Lat – Long Converter ,Angle and Distance Calculator

Question

Lat – Long Converter ,Angle and Distance Calculator

This algorithm is used to convert the given latitude and longitude positions to XY co-ordinate system. This algorithm also finds the angle and distance between the any 2 positions and the angle between them. The distance matrix is formed by finding the distance of each customer from every other customer and is passed on to the nearest neighbor algorithm.

Pseudo Code

1. Convert all the given co-ordinate positions into radians.
2. Set r as the square root value of the sum of lat ,long values.
3. Set the angle as the radian value of the rotation angle.
4. If r is greater than 0
   a) Set ct as the divided value of lat by r.
   b) Set st as the divided value of long by r.
   c) Set the X co-ordinate value as the product of the r value, the sum of the product of the ct with the cosine value of the angle with the sum of the product st with the Sin value of the angle.
   d) Similarly find the Y co-ordinate value as the product of the r value, the sum of the product of st with the cosine value of the angle with the sum of the product ct with the Sin value of the angle.
   e) Save the updated as the final X & Y value.
5. End if
6. Call find_angle to find the angle between depo and the customer.
7. Call Find_diatance to find the distance between the 2 loctions.
8. Return X,Y,angle and distance.

I coudn't solve the 4th and 5th point.. could you help me to form an equation to solve it

Answer 1

Here is my interpretation of step 4.c:

Set the X co-ordinate value
x =

Set the X co-ordinate value as the product of:
x = ( ) * ( )

Set the X co-ordinate value as the product of the r value:
x = (r) * ( )

Set the X co-ordinate value as the product of the r value, the sum of:
x = (r) * ( ( ) + ( ) )

Set the X co-ordinate value as the product of the r value, the sum of the product of:
x = (r) * ( ( ( ) * ( ) ) + ( ) )

Set the X co-ordinate value as the product of the r value, the sum of the product of the ct:
x = (r) * ( ( (ct) * ( ) ) + ( ) )

Set the X co-ordinate value as the product of the r value, the sum of the product of the ct with the cosine value of:
x = (r) * ( ( (ct) * (cos( ) ) ) + ( ) )

Set the X co-ordinate value as the product of the r value, the sum of the product of the ct with the cosine value of the angle:
x = (r) * ( ( (ct) * (cos(angle) ) ) + ( ) )
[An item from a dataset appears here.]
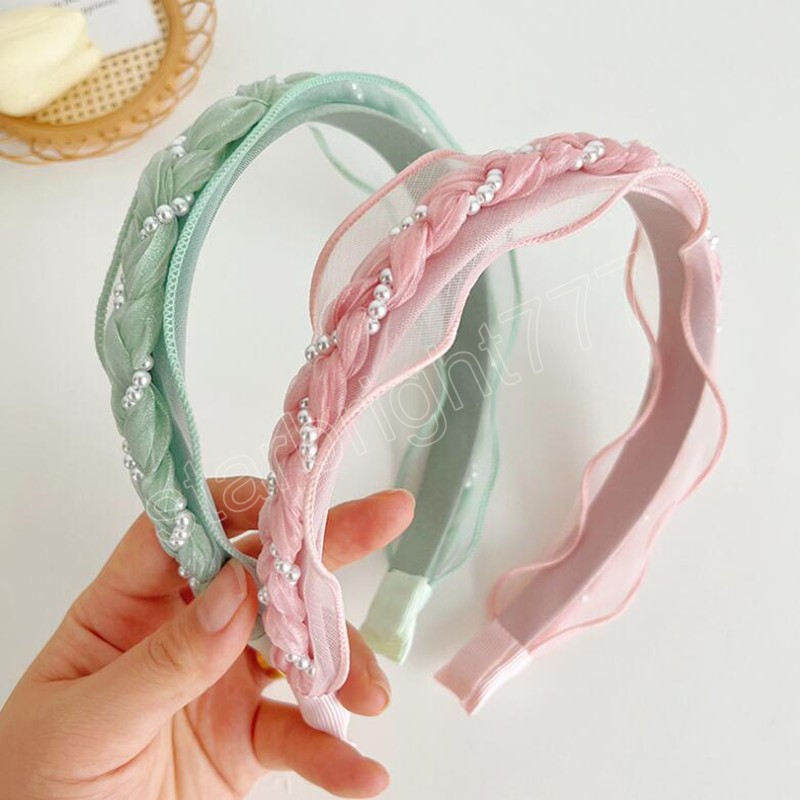 Fashion Women Headband Fresh Pearls Tangled Braided Hairabnd Solid Color Turban Light Color Headwear Hair Accessories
Set the X co-ordinate value as the product of the r value, the sum of the product of the ct with the cosine value of the angle with the sum of the product st with the Sin value of the angle:
x = (r) * ( ( (ct) * (cos(angle) ) ) + ( (st) * (sin(angle) ) ) )

Removing unnecessary parentheses:
x = r * (ct * cos(angle) + st * sin(angle));

Answer 2

Latitude and longtitude are coordinates on a sphere. XY coordinates are typically coordinates on a plane. Converting between them doesn't make a lot of sense.

You can calculate the distance between two lat/long coordinates directly; this distance is known as the Great Circle distance. Several stackoverflow questions cover how to do this. Here's one.

If you're looking for the nearest neighbour, do you actually need the angle?